Programmer: Your excellence, I've been hiking through the forest for 20 years to find you and ask
you the meaning of database normalization!
Database Guru: My son, database normalization is a fountain!
Programmer: What!! I've beaten the soles off my shoes for years, traipsing through the forests, to hear you say this gibberish?
Database Guru: You mean, database normalization is NOT a fountain?


When I first started using databases, I had no idea what database design was. The most important thing to me was just, "get it to work!". That was a long time ago; I had a lot to learn -- and I'm still learning.  I certainly lay no claim to being a Database Guru -- in fact, I really kind of hate databases, to be perfectly frank. The NOSQL database movement is much more interesting to me.  However, if you want to be a professional developer, you really have no choice but to get real comfy with relational databases. I believe I do understand the basics of good database design and normalization, and what I intend to do here is present key information on the subject culled from a number of sources, including SQL Server Books Online, in the most easily understandable form possible.

Database applications work best with normalized databases. In addition, the resulting applications are more flexible and powerful than those developed against databases that are not normalized. It's possible to "over normalize" a database (just as you can "over-OOP" in programming) which can make it difficult to adapt it to changing requirements. As with anything in life, there is a happy medium, but first you have to know and understand the rules. Then you'll be able to apply them sensibly.

Normalization

The logical design of the database, including the tables and the relationships between them, is the real core of an optimized relational database. A good logical database design lays the foundation for optimal database and application performance. A poor logical database design can impair the performance of the entire system.

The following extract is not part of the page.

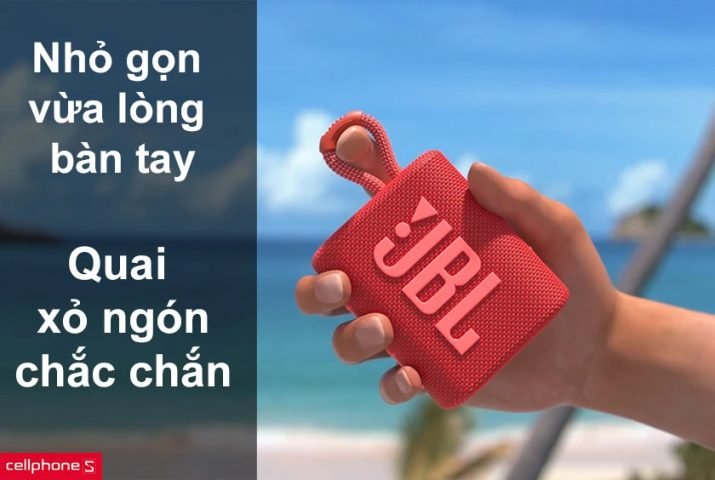 JBL Go 3 màu xanh lam nhỏ gọn, vừa vặn trong lòng bàn tay, thể hiện tính di động cao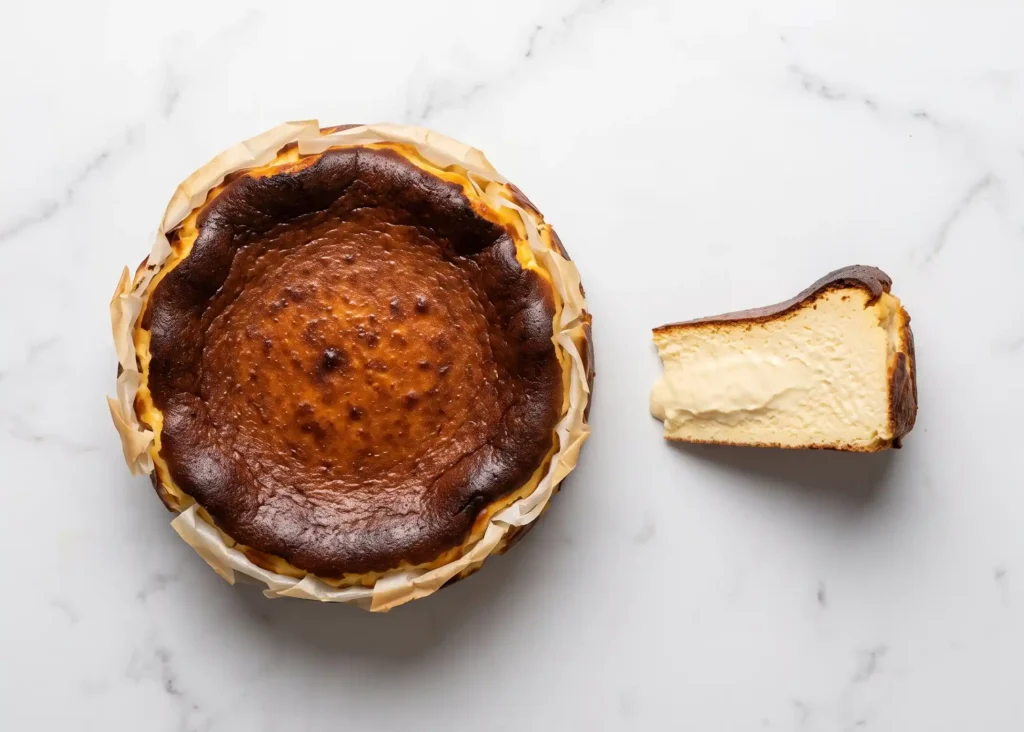 burnt cheesecake formats — whole cake and pre-cut slices for European buyers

Let's say you have a table that holds many thousands of records for your messageboard posts, for example, and you decide you want to add a rating system so readers can "rate" each messageboard post from 1 to 10 stars. Although most of the extra columns of data about ratings aren't directly specific to the process of finding and displaying a messageboard post, it's conceivable you could make the case that you want to add them to the posts table because it is "more convenient". But, from a performance standpoint, it's more likely you've shot yourself in the foot. There will likely be many rows for which nobody ever submitted a rating, or which don't qualify to be rated. This poor design becomes especially pronounced the more rows of data there are in the table. What you really want is to have that table hold only the exact required columns of non-repeating data necessary to provide what you need for its primary purpose (displaying messageboard posts), and to hold that data in the narrowest columns possible in which that data will fit (more on this later). In the normalization process, you would move all the rating information to a separate table, linked back to the main table by the post id. You've achieved the goal of adding your rating feature, but you haven't had to add a single column to the main table, which needs to be optimized for speed. And your new ratings table now only holds records for those posts that actually have a rating, conserving more space. When the rating information matching rows in the main table is needed, you bring it in with a SQL JOIN. This is what good logical design is all about.

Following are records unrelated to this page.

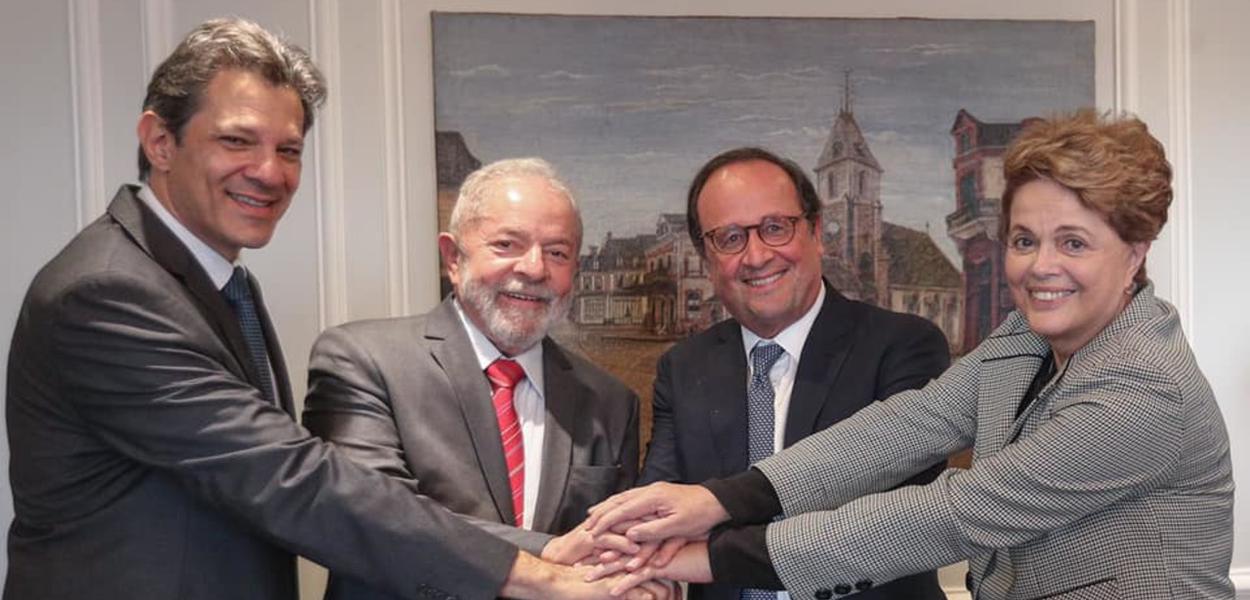 Fernando Haddad, Lula, François Hollande e Dilma Rousseff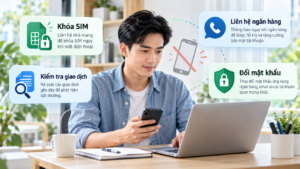 Minh họa các bước cần làm để bảo vệ tài khoản ngân hàng khi mất điện thoại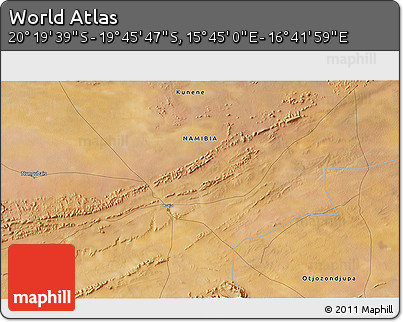 Satellite 3D Map of the Area around 20° 2' 43" S, 16° 13' 30" E
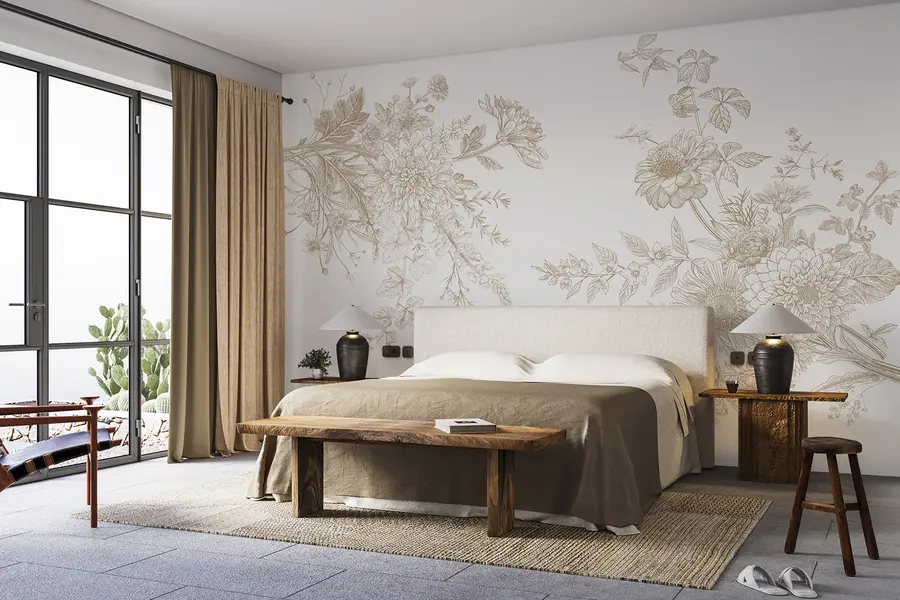 Fototapetai Gėlių ornamentas, minimalizmas, linijų menas, boho stilius, kaimiškas, bijūnas, margučiai, smėlio spalvos, pieva w00381v4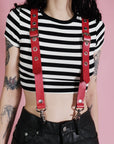 Fired Up Red Leather Suspenders Limited V-day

Normalizing a logical database design involves using formal methods to separate the data into multiple, related tables. A greater number of narrow tables (with fewer columns) is characteristic of a normalized database. Fewer wide tables (with more columns) is characteristic of a non-normalized database. Databases are like real estate - it's location, location, location! If you have a table with a large number of columns that really ought to be in another table, linked to the first with a foreign key, somebody is going to pay the price for all that extra real estate you've taken up. You'll see performance suffer on selects, updates and on inserts - for several reasons which are explained farther down the page. It's important to understand that even if there is a one-to-one relationship among all the columns in your table, if the extra columns aren't needed for the primary task, you have forced yourself to pay for more real estate in your select statements because you've chosen to make the table physically wider (more columns) than what is needed. This happens even though your select statement may not bring back those extra columns of data at all. So if these extra columns don't directly relate to the primary purpose of the table (in this case, to display messageboard posts) then, by normalizing them out and reducing the number of columns in the primary table, more rows can fit on a single SQL data page, improving performance.

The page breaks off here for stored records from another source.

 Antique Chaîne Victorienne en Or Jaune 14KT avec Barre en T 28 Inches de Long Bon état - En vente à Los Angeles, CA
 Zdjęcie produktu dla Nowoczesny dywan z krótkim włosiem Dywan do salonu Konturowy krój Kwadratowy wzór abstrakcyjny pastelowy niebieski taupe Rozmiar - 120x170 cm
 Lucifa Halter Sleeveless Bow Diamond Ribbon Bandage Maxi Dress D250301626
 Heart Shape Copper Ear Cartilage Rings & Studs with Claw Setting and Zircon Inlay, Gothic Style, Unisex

SQL Server Page access on the disk is as objective as gravity: if the stuff you want is better organized on the physical media (the MDF file) it stands to reason that you'll get it back faster. And that's exactly what database optimization and normalization does. We had a forum post recently from someone who was attempting to figure out why certain queries took much longer than others. His database has 72 million rows of 8 columns of data. That's a candidate for a completely different kind of normalization and optimization - federated partitioned views, where the table is actually distributed across two or more physical database servers, yet appears as a contiguous monolithic view to the caller.

Reasonable normalization usually improves performance -- sometimes very significantly. When useful indexes are available, the Microsoft SQL Server 2005 / 2008 query optimizer is most efficient at selecting rapid, efficient joins between tables.

Some of the benefits of normalization include:

Faster sorting and index creation.
A larger number of clustered indexes.
Narrower and more compact indexes.
Fewer indexes per table, which improves the performance of INSERT, UPDATE, and DELETE statements.
Fewer null values and less opportunity for inconsistency, which increase database compactness.

As normalization increases, so do the number and complexity of joins required to retrieve data. Too many complex relational joins between too many tables can begin to hinder performance. Reasonable normalization typically includes few regularly executed queries that use joins that involve more than four tables.

Sometimes you "inherit" a logical database design that is already fixed -- and total redesign is not feasible. Even then, however, it might be possible to normalize a large table selectively into several smaller tables. If the database is accessed through stored procedures, this schema change could take place without affecting applications at all. If not, you might be able to create a view that hides the schema change from the applications.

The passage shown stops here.